Drei Haupttheile sind zu unterscheiden: I) die Gegend der Himálaja[426]-Berge, welche 2400 Kilometer längs der Nordgrenze von Indien verlaufen. II) Die weiten Flussebenen erstlich des Indus mit seinen fünf Ursprungsflüssen (Punjab), zweitens des Ganges mit dem Nebenfluss Jumna, drittens des Brahmaputra, der sein Ausfluss-Delta mit dem des Ganges vereinigt. III) Das dreieckig begrenzte Tafelland der (grösseren) Süd-Hälfte, der Dekkan[427], d. h. Süden. Das Vindhya-Gebirge im Süden der Gangesebene bildet die Grundlinie des Dreiecks, die Ost- und West-Ghats[428] die beiden Seiten (Malabar- und Coromandel-Küste), die im Cap Comorin zusammentreffen. 1891 hatte II mit I zusammen 165, III 115 Millionen Einwohner.[429]

Ein Drittel des Landes mit einem Viertel der Bevölkerung steht noch unter einheimischen Fürsten, welche aber die britische Oberhoheit anerkennen.

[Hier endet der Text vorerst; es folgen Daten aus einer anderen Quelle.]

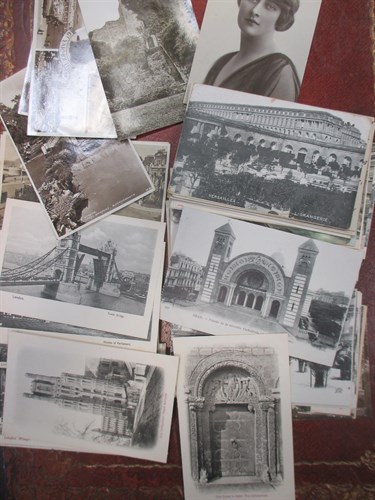 Lot 95 - A large collection of early 20th century post...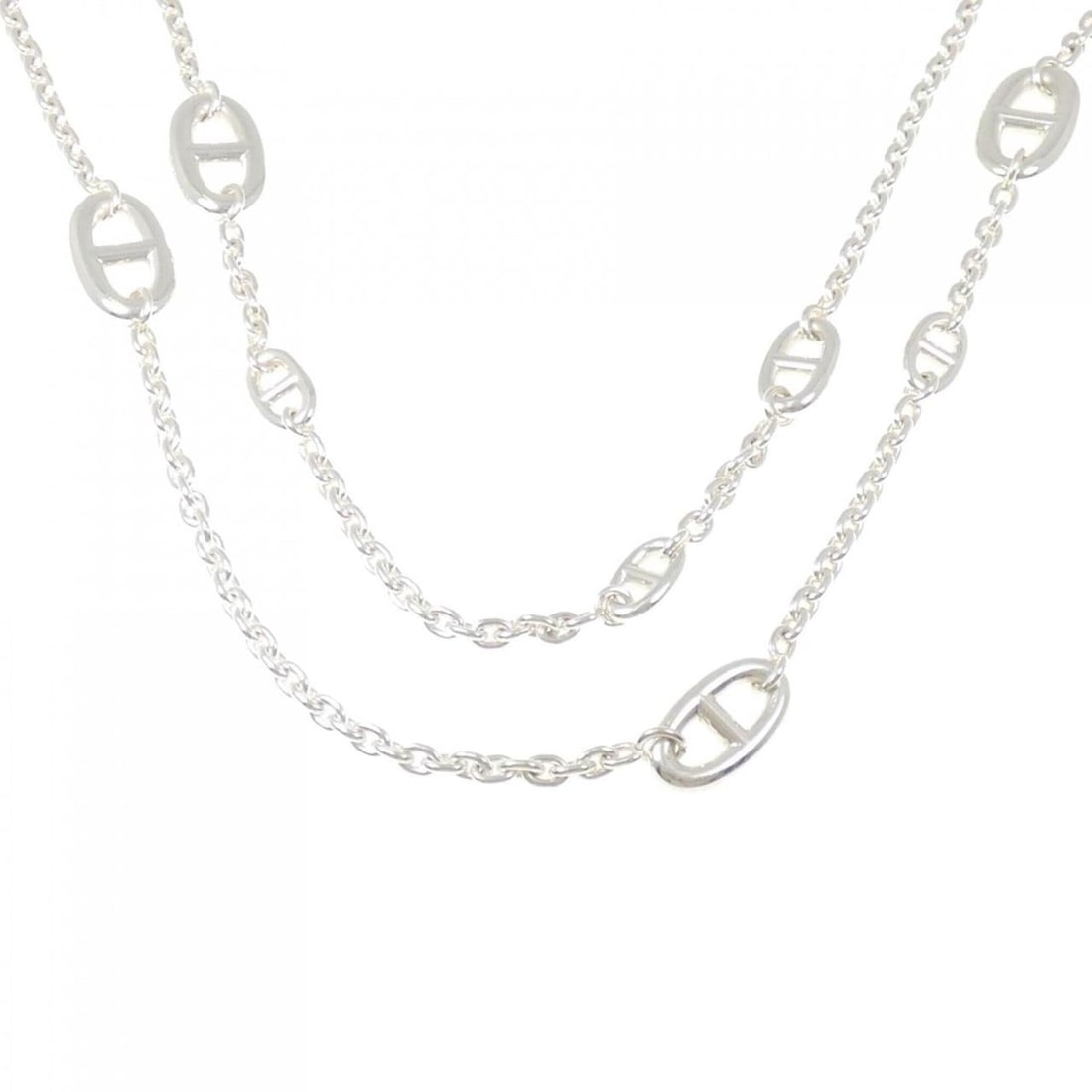 Hermes Farandole Necklace: --- Catalog ---Category: SizeNeck Circumference: 117 cm / 46.06''Category: DesignGender: Men,WomenMaterial: Silver 925Necklace Type: NecklaceCategory: GeneralMPN: H104568B 00Brand: Hermes--- Item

Der britische Vicekönig (oder Governor General, zur Zeit Marquis von Landsdown,) hat seinen Herrschersitz im Winter zu Calcutta, im Sommer zu Simla, einem südlichen Vorsprung des östlichen Theiles vom Himalaya, und entfaltet mehr Pracht, als mancher europäische König.

Ich sah die prunkvollen Empfangsvorbereitungen zu Calcutta, als der Vicekönig von einer einfachen Besichtigungsreise nach Madras zurück erwartet wurde.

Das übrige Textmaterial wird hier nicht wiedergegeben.